Collected data entries:

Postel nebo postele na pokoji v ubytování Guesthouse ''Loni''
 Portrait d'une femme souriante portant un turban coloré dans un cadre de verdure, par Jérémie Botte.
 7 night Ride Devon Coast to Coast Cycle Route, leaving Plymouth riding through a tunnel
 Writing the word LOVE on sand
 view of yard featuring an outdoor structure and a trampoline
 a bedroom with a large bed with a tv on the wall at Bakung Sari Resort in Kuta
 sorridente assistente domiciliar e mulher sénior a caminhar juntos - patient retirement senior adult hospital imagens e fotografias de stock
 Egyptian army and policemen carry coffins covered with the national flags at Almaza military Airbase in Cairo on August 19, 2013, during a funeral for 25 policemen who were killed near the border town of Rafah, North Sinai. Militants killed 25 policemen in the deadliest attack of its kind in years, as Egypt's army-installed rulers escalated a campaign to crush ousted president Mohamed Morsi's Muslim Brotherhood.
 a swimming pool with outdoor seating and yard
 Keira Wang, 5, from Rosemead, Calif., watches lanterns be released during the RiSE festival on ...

HOW TO COMPLETE THIS TASK ▸
Every record must be transcribed exactly, with no line skipped.

SOLUTION ▸
Postel nebo postele na pokoji v ubytování Guesthouse ''Loni''
 Portrait d'une femme souriante portant un turban coloré dans un cadre de verdure, par Jérémie Botte.
 7 night Ride Devon Coast to Coast Cycle Route, leaving Plymouth riding through a tunnel
 Writing the word LOVE on sand
 view of yard featuring an outdoor structure and a trampoline
 a bedroom with a large bed with a tv on the wall at Bakung Sari Resort in Kuta
 sorridente assistente domiciliar e mulher sénior a caminhar juntos - patient retirement senior adult hospital imagens e fotografias de stock
 Egyptian army and policemen carry coffins covered with the national flags at Almaza military Airbase in Cairo on August 19, 2013, during a funeral for 25 policemen who were killed near the border town of Rafah, North Sinai. Militants killed 25 policemen in the deadliest attack of its kind in years, as Egypt's army-installed rulers escalated a campaign to crush ousted president Mohamed Morsi's Muslim Brotherhood.
 a swimming pool with outdoor seating and yard
 Keira Wang, 5, from Rosemead, Calif., watches lanterns be released during the RiSE festival on ...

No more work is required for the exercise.